Souza, A. S., Czoschke, S., & Lange, E. B. (2020). Gaze-based and attention-based rehearsal in spatial working memory (online first publication). Journal of Experimental Psychology: Learning, Memory, and Cognition. doi:10.1037/xlm0000771.


Cite as: http://hdl.handle.net/21.11116/0000-0005-A23E-F
Abstract
How do we maintain information about spatial configurations in mind? Many working memory (WM) models assume that rehearsal processes are used to counteract forgetting in WM. Here, we investigated the contributions of gaze-based and attention-based rehearsal for protecting spatial representations from time-based forgetting. Participants memorized 6 locations selected from a grid of 30 scattered dots. Memory was tested after 1.5 or 4.5 s, and this interval was either blank or the grid remained onscreen (which is assumed to provide rehearsal support). In 2 experiments, we monitored eye movements during the retention phase, or asked participants to fixate the screen center. In 3 subsequent experiments, we tested spatial WM under dual-task conditions inhibiting shifts of visuospatial attention or central attention to the memoranda. Memory was better and more resistant to time-based forgetting in the grid than blank condition. Recording of fixations showed more frequent and efficient gaze-based rehearsal in the presence of the grid. Fixations toward distractor locations occurred at a similar frequency in the blank and grid conditions, and it did not predict incorrect recalls.

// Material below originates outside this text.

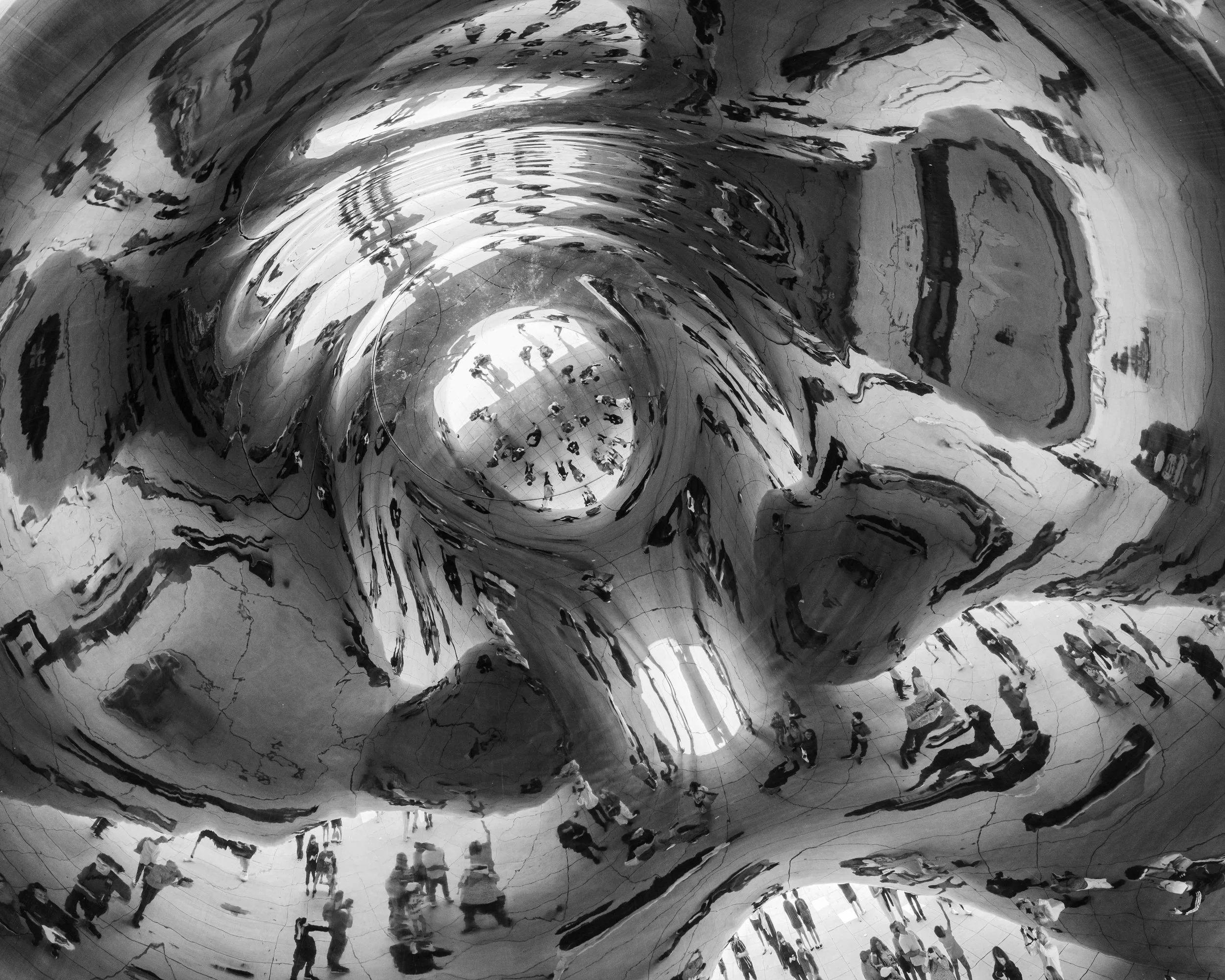 Reflections of people walking in the interior of a shiny, metallic, curved structure, seen from below.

Inhibition of eye-movements or shifts of visuospatial attention impaired memory overall, but it did not change the grid benefit nor the rate of time-based forgetting. In contrast, distracting central attention increased time-based forgetting regardless of grid presence. These results indicate that (a) the grid benefit is only partially explained by rehearsal; (b) gaze-errors (i.e., distractor fixations) do not lead to more forgetting; and (c) the maintenance of spatial representations over time depends on central processing.